In many early cultures, the Earth itself was seen to be female, or to revolve around the behaviour of Earth goddesses. The ancient Greek myth of Demeter and Persephone, for example, was used to explain the existence of the seasons. Upon hearing that her daughter had been abducted by Hades of the Underworld, Demeter went into mourning, causing the crops she usually protected to fail. Persephone’s consumption of some pomegranate seeds kept her in the darkness for part of the year only. Her return to the upper world cheered her mother and heralded the arrival of spring and its fruits. Similarly, in Hindu texts, the goddess Shri-Lakshmi was described as leaving the Earth after suffering a slight, thereby wreaking devastation in the fields.
These stories had agency because feminine power was intrinsic to man’s conception of our planet. In Hinduism, Shiva’s wife, Sati, was believed to become part of the physical universe after she died. Her body fell in pieces across the landscapes below, inspiring the foundation of the Kamakhya Temple in Assam, on the very spot her vulva was said to have settled. Still today, a festival is held here in the monsoon season. Worshippers gaze in wonder as the natural spring turns red with the seepage of iron oxide. It is as if the goddess were menstruating.
As important as these modes of worship are, one can’t help but feel that men have endowed female deities with powers beyond their human counterparts to illustrate why female rule on Earth would be disastrous. While the Egyptian Sekhmet was upheld for her life-giving potential, like Shri-Lakshmi and Demeter, she could also deliver destruction. It was said that she was sent to plunder the Earth after mortals rebelled against her father, the sun god, Ra. Sekhmet did as she was told but got carried away. Ra was so ashamed by her bloodlust that he recalled her. Sekhmet would not give up. The only way Ra could stop her in her tracks was by disguising alcohol as blood so that she would become too inebriated to continue.

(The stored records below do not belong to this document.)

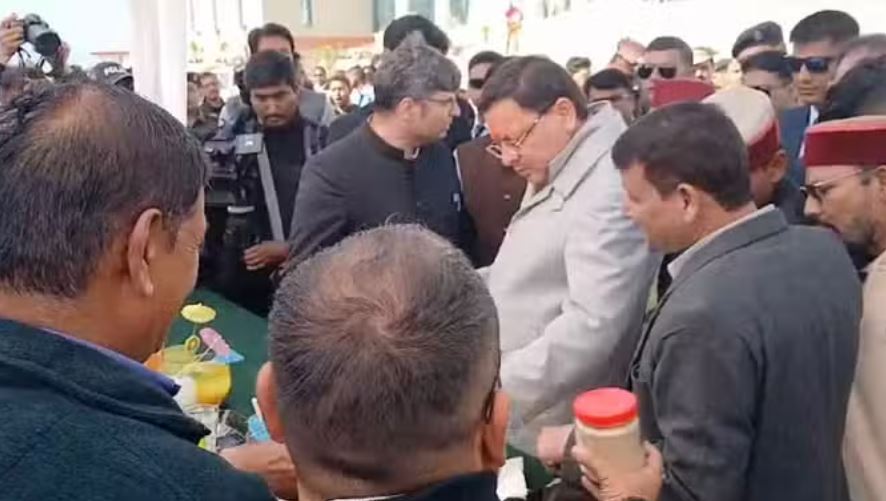 सीएम धामी बोले- जल्द लागू होगा सशक्त भू-कानून, ड्राफ्ट पर की चर्चा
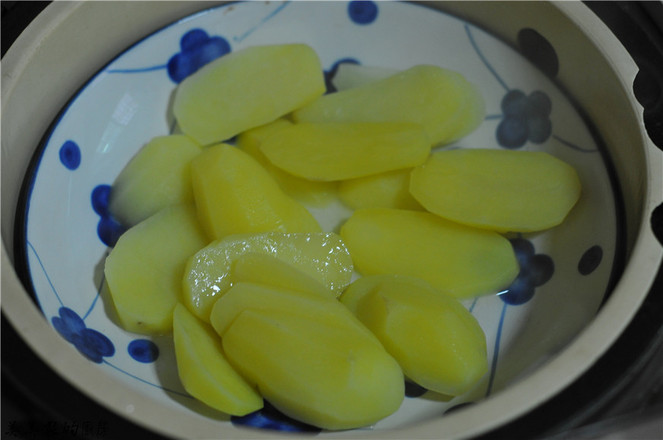 醬香水晶土豆丸子的做法-家常味燒菜譜-易網<a href=http://www.fnaogov.cn/ target=_blank class=infotextkey>健康養生</a>網 醬香水晶土豆丸子的做法-家常味燒菜譜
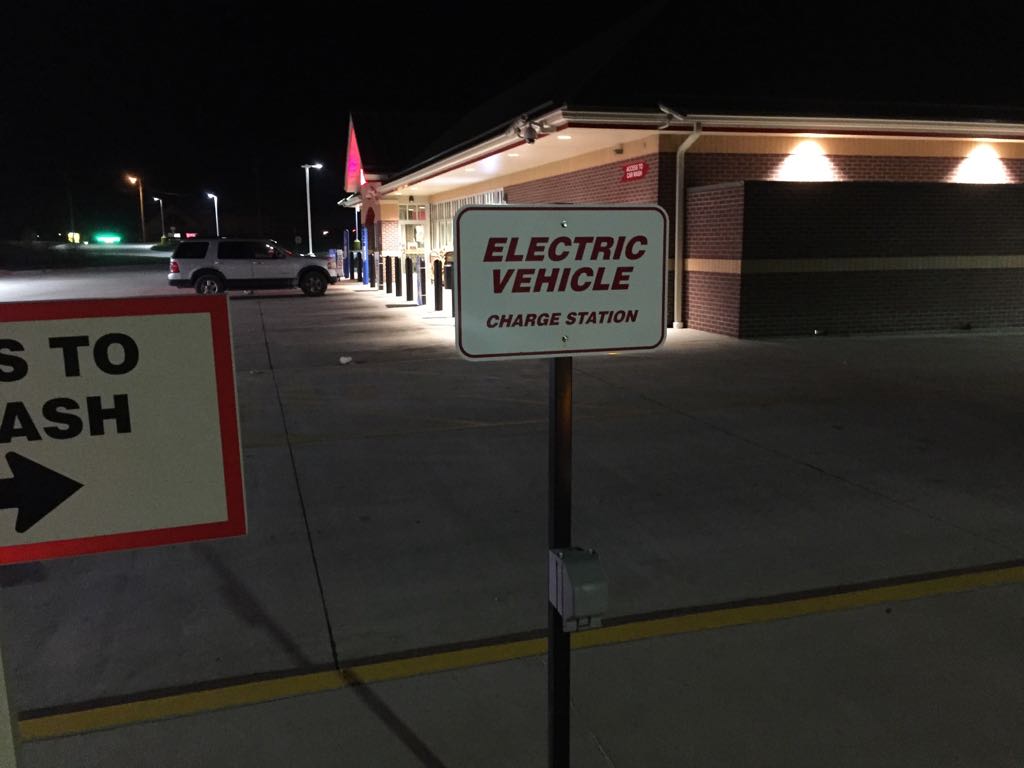 Kwik Star 294 Davenport, IA EV Station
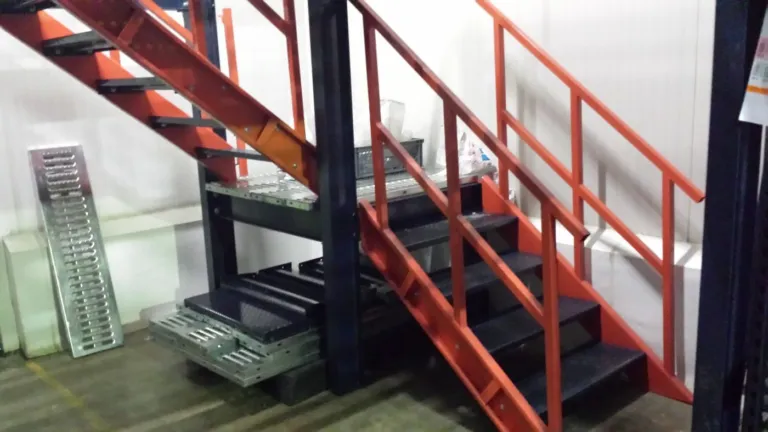 Escalera con barandas para pasarelas de picking en cuarto frío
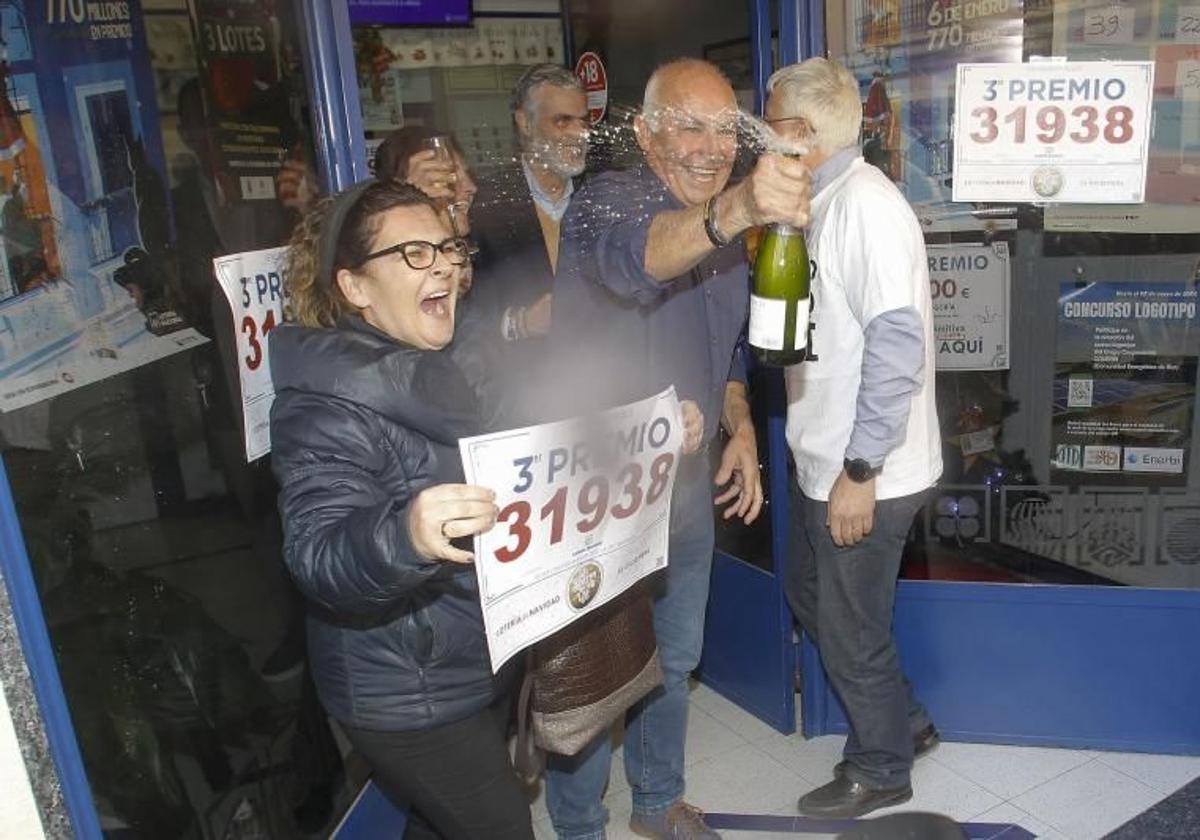 Júbilo en Biar, donde repartieron íntegros los 92,5 millones del tercero premio del Sorteo de Navidad de 2023.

Still today, women in power are often as much feared as they are revered or, at least, are presented as threatening in their success and their ability to smash glass ceilings. If the examples of the past reveal anything, it is that female figures of authority are always at the ready to rise up and defy expectations. They are brilliant for being everything people assume they are not.
Feminine Power the Divine to the Demonic is at the British Museum, London, until 25 September.